Why Am I Teaching in Seoul, Shanghai, & Beijing? Read My Newest Publication “Preparing East Asian Undergraduates for the Cultural Challenges of Study in the U.S.”

Helping educate prospective students before they travel across the world to relocate in an unfamiliar culture with  little language skills is the most rewarding opportunity I have had thus far.  As demonstrated by research, the more cultural knowledge and experience a student has prior to study abroad, the more successful they will be with their academics, social life, communication, health, safety, and professional development in a new culture.

 

My newest publication, “Preparing East Asian Undergraduates for the Cultural Challenges of Study in the U.S.” is a condensed paper sharing how international students perceive U.S. cultural knowledge in regards to their preparation, transition, and adjustment during their first semester of U.S. study.  Ironically, although all participants wished they had been offered more formal lessons about U.S. culture prior to leaving their home country, not one had received or even heard about organized cultural training for study abroad!  YIKES!

 

THUS, for 5 1/2 weeks, my three objectives on the 2014 International Education Tour (Seoul, Shanghai, Beijing) is to:

1. Teach pre-departure U.S. college student success skills (U.S. culture, study skills, networking skills, language skills, and professional development skills) to students interested in U.S. study abroad.

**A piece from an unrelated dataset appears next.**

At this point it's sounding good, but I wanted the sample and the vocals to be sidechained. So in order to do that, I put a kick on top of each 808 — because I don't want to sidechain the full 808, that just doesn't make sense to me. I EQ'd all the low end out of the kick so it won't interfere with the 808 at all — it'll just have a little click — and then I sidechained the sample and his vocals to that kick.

2. Teach college student success strategies to students interested in improving their academic, social, language, and professional skills for NEVADA colleges and universities.

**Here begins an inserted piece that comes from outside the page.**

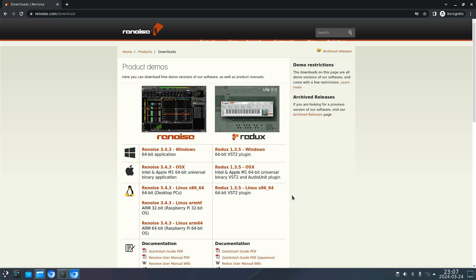Welcome to my channel Living Linux. Someone asked me if I could test re-noise on a single board computer with a Rockchip RK3588 and a Raspberry Pi 5.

3. Apply my pre-departure and post-arrival relocation and adjustment curriculum to my own (first-time) stay in Asia to feel and experience a glimpse of what my international students endure before, during, and immediately after relocating to a culturally rough (different) environment with little (to no) language skills, resources, or local contacts for support.

INTERNATIONAL EDUCATION IS AWESOME!!!!

With the right preparation and guidance, cultural transition and relocation can be MUCH EASIER.  Saving time, money, stress, and energy can produce GREATER OUTCOMES while reducing negative culture shock symptoms. Contact me to learn more about this subject or post a comment/question below.  Thanks for stopping by my blog.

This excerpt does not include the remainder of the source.